2-Komponenten-Kleber für extreme Belastungen
Wenn normale Klebstoffe an ihre Grenzen stoßen, bieten Zweikomponentenkleber überlegene Festigkeit und Belastbarkeit. Hochfeste Epoxidharzklebstoffe härten durch chemische Reaktion aus und schaffen dauerhafte Verbindungen auch bei extremen Belastungen. Klebkraft, Aushärtungszeit, Temperaturbeständigkeit und Anwendungsbereiche sind entscheidende Bewertungskriterien. Unsere Bewertung berücksichtigt verschiedene Formulierungen für unterschiedliche Materialien und Anwendungen und hilft Ihnen bei der Auswahl des passenden Hochleistungsklebers.2-Komponenten-Kleber: Der ultimative Ratgeber für starke Verbindungen
Nach über einem Jahrzehnt als Fachredakteur für technische Produkte bei test-vergleiche.com und unzähligen Stunden im Prüflabor kann ich mit Gewissheit sagen: 2-Komponenten-Kleber sind die Königsklasse der Klebstoffe. Meine erste Begegnung mit diesen beeindruckenden Verbindungshelfern liegt bereits zwölf Jahre zurück, als ich für einen defekten Motorradkotflügel aus glasfaserverstärktem Kunststoff eine dauerhafte Lösung suchte. Was damals als Notlösung begann, entwickelte sich zu einer intensiven Auseinandersetzung mit der Materie.
In den vergangenen Jahren habe ich mehr als 150 verschiedene Epoxidharzklebstoffe getestet, analysiert und verglichen. Dabei ging es mir nie nur um die reine Klebkraft – obwohl diese natürlich entscheidend ist – sondern um das Gesamtpaket aus Verarbeitbarkeit, Langzeitbeständigkeit und praktischer Anwendung. Meine Erfahrungen reichen von winzigen Elektronikreparaturen bis hin zu strukturellen Verklebungen im Bootsbau.
Was macht 2-Komponenten-Kleber so besonders?
Die Faszination für 2K-Kleber liegt in ihrer einzigartigen Chemie begründet. Anders als herkömmliche Klebstoffe, die durch Verdunstung von Lösungsmitteln oder physikalisches Abbinden aushärten, basieren Zweikomponentenkleber auf einer kontrollierten chemischen Reaktion. Diese Polyadditionsreaktion zwischen Harz und Härter erzeugt ein dreidimensionales Netzwerk, das außergewöhnliche mechanische Eigenschaften aufweist.

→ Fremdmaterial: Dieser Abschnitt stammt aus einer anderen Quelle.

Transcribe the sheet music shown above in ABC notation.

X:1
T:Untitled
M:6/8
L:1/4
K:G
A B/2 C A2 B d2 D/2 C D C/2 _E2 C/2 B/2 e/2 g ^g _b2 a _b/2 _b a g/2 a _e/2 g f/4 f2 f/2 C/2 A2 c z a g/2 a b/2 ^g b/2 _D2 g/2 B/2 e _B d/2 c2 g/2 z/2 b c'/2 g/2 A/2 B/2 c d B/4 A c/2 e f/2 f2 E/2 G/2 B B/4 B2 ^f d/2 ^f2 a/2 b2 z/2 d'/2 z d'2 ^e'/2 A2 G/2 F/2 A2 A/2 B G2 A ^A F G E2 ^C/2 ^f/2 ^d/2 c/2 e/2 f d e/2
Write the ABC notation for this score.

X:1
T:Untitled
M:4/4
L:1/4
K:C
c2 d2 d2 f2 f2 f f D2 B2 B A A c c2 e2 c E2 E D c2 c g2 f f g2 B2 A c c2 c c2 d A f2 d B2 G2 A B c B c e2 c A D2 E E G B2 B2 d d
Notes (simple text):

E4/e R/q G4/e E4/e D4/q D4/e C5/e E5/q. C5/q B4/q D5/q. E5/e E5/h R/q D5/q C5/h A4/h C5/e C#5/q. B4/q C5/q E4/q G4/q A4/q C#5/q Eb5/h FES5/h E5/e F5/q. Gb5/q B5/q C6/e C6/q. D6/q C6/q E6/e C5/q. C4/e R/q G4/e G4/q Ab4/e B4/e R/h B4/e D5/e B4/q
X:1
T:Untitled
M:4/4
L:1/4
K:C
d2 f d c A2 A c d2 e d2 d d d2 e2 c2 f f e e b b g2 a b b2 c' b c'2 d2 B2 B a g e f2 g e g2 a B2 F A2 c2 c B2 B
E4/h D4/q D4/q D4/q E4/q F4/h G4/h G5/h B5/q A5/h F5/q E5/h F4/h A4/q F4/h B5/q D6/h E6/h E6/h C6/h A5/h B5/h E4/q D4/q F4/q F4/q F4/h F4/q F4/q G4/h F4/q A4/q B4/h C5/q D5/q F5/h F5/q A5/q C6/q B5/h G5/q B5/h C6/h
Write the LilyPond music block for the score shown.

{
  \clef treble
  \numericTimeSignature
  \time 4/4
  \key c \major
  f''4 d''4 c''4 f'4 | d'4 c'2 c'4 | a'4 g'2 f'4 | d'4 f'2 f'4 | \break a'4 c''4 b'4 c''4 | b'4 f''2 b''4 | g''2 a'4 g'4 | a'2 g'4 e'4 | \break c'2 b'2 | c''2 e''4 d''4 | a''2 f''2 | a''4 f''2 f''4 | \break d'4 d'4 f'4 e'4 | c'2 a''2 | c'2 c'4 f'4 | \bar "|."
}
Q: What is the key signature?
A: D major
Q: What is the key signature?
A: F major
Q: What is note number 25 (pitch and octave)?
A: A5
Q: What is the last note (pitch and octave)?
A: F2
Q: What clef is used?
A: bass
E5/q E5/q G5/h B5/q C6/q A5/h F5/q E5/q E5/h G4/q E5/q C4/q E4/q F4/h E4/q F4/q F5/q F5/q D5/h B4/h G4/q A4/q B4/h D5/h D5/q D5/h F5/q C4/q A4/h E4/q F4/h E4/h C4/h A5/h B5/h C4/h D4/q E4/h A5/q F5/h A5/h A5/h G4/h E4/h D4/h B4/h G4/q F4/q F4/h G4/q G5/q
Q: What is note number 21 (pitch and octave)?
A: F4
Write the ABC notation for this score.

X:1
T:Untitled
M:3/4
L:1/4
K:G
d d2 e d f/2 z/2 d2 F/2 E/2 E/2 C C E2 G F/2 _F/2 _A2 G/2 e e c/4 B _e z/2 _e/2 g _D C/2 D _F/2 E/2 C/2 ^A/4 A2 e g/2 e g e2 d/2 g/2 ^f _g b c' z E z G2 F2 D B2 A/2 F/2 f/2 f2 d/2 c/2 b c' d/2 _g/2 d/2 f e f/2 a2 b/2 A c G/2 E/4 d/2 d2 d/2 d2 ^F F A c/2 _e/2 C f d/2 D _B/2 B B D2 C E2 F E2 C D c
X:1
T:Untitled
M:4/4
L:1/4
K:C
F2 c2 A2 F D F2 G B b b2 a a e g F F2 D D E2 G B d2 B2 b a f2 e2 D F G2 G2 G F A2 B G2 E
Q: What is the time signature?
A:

Was viele nicht wissen: Die Topfzeit – also die Zeitspanne, in der der gemischte Kleber verarbeitbar bleibt – hängt stark von der Temperatur ab. Bei meinen Tests stellte ich fest, dass bereits eine Erhöhung der Raumtemperatur von 20°C auf 25°C die Verarbeitungszeit um bis zu 40% verkürzen kann. Diese Erkenntnis ist entscheidend für die praktische Anwendung.
Die Aushärtung erfolgt exotherm, das bedeutet unter Wärmeentwicklung. In dicken Schichten kann diese Wärmeentwicklung so stark werden, dass der Kleber regelrecht „kocht“ und seine Eigenschaften verliert. Deshalb empfehle ich bei Verklebungen mit einer Schichtdicke über 5 mm die Verwendung spezieller langsam härtender Formulierungen.
Meine Testmethodik: Wie ich 2-Komponenten-Kleber bewerte
Über die Jahre habe ich ein standardisiertes Testverfahren entwickelt, das weit über die Herstellerangaben hinausgeht. Jeder Epoxidharzkleber durchläuft bei mir sieben Bewertungskategorien:
- Die Klebkraft teste ich nicht nur an glatten Oberflächen, sondern auch an strukturierten und leicht öligen Untergründen – Bedingungen, wie sie in der Realität häufig auftreten. Dabei verwende ich standardisierte Probekörper aus Stahl, Aluminium, verschiedenen Kunststoffen und Keramik. Die Prüfung erfolgt sowohl bei Raumtemperatur als auch nach Temperaturzyklen zwischen -20°C und +80°C.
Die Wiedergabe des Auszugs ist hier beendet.